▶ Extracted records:
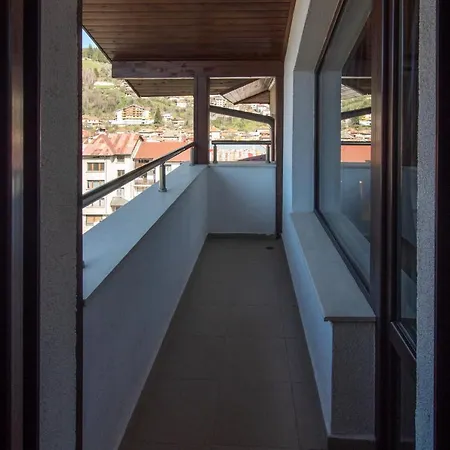 Apartment мансарда с фантастични гледки и две спални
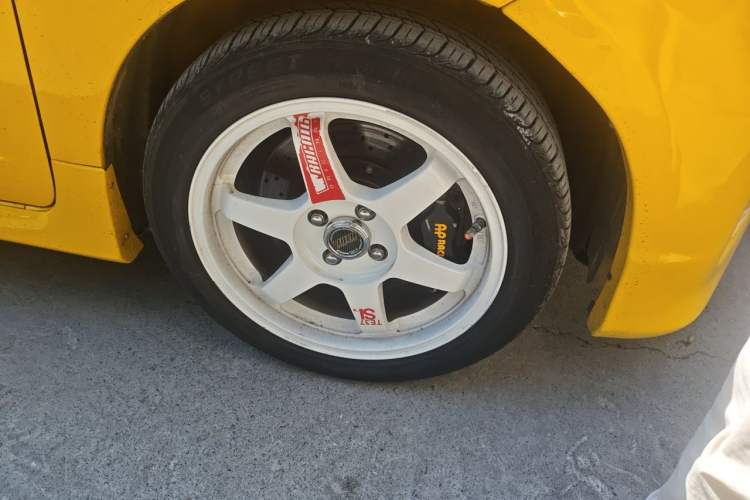 Used Honda Fit 2008 1.5L manual luxury version Right Front Wheel Hub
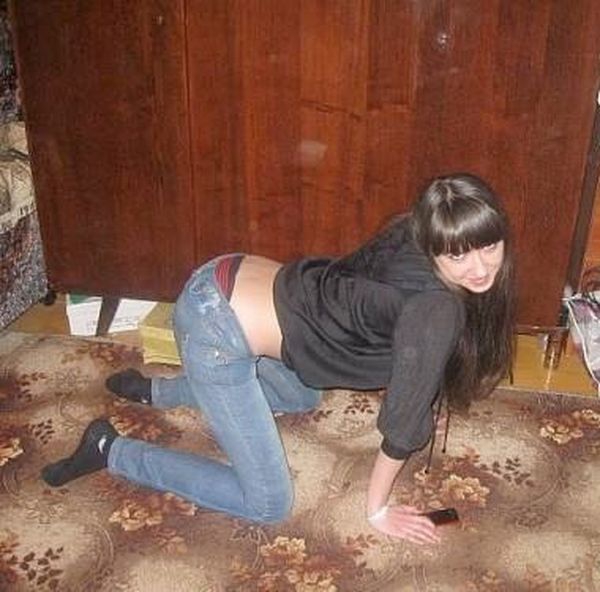 Русский фотограф выебал русскую девушку после домашней фотосессии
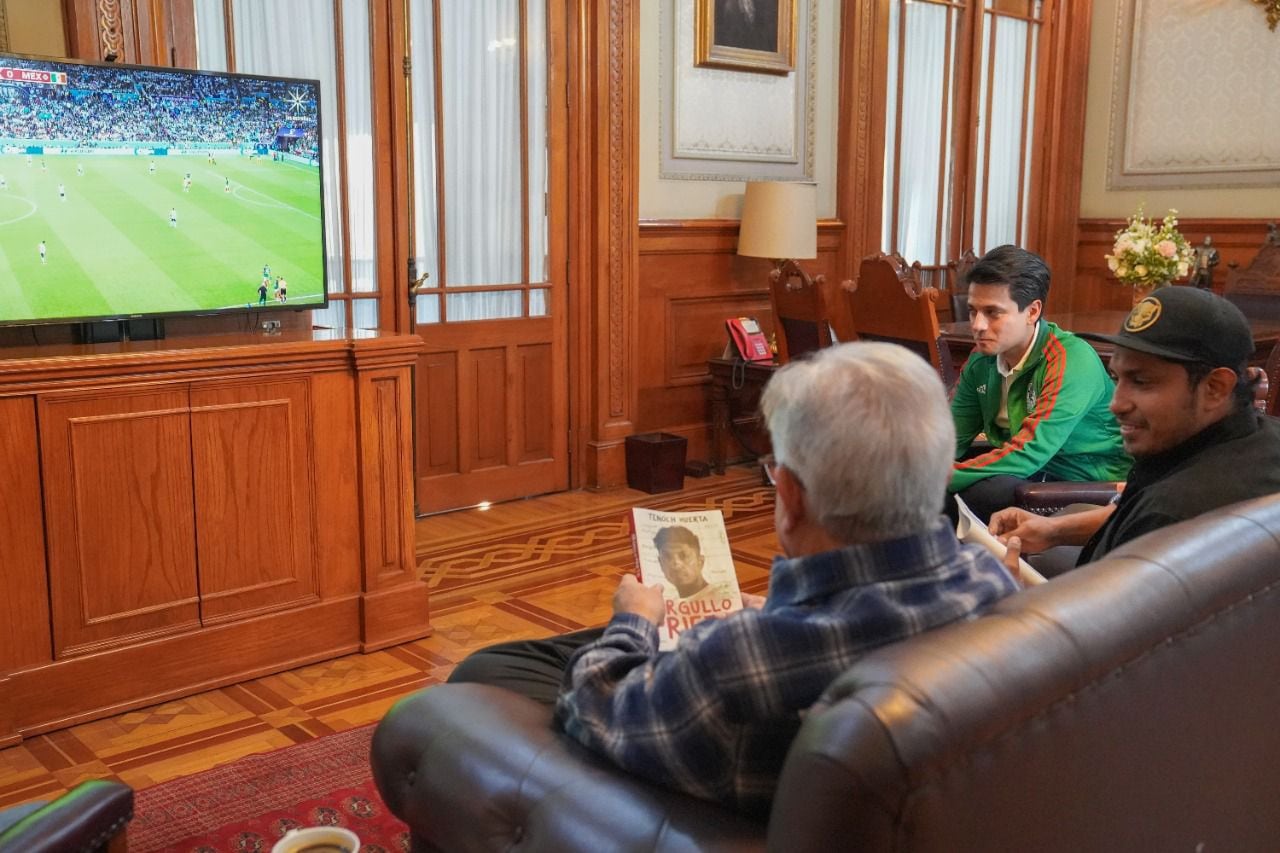 Federico Arreola, director de SDPnoticias, también fue invitado por el presidente AMLO a ver el partido de México vs Argentina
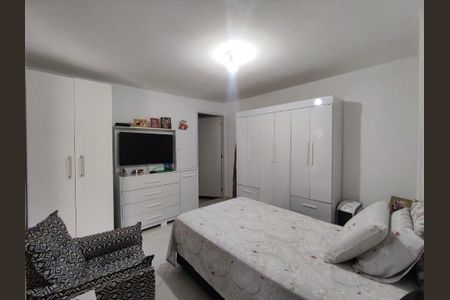 Casa à venda com 180m², 5 quartos e 4 vagas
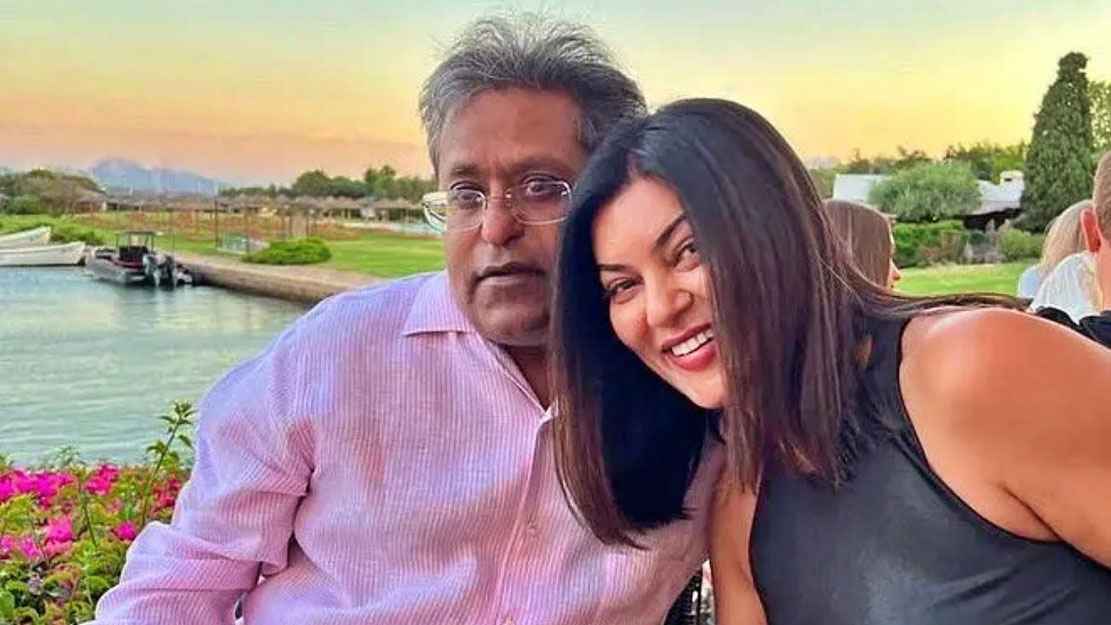 সুস্মিতা অতীত, এবার গায়িকার প্রেমে মজেছেন মোদি!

▶ How to complete this task: Starting at the line with "Used Honda Fit", reproduce exactly each line through the end of the entries, including the first and the last, and skip the pictures.

▶ Exercise solution:
 Used Honda Fit 2008 1.5L manual luxury version Right Front Wheel Hub
 Русский фотограф выебал русскую девушку после домашней фотосессии
 Federico Arreola, director de SDPnoticias, también fue invitado por el presidente AMLO a ver el partido de México vs Argentina
 Casa à venda com 180m², 5 quartos e 4 vagas
 সুস্মিতা অতীত, এবার গায়িকার প্রেমে মজেছেন মোদি!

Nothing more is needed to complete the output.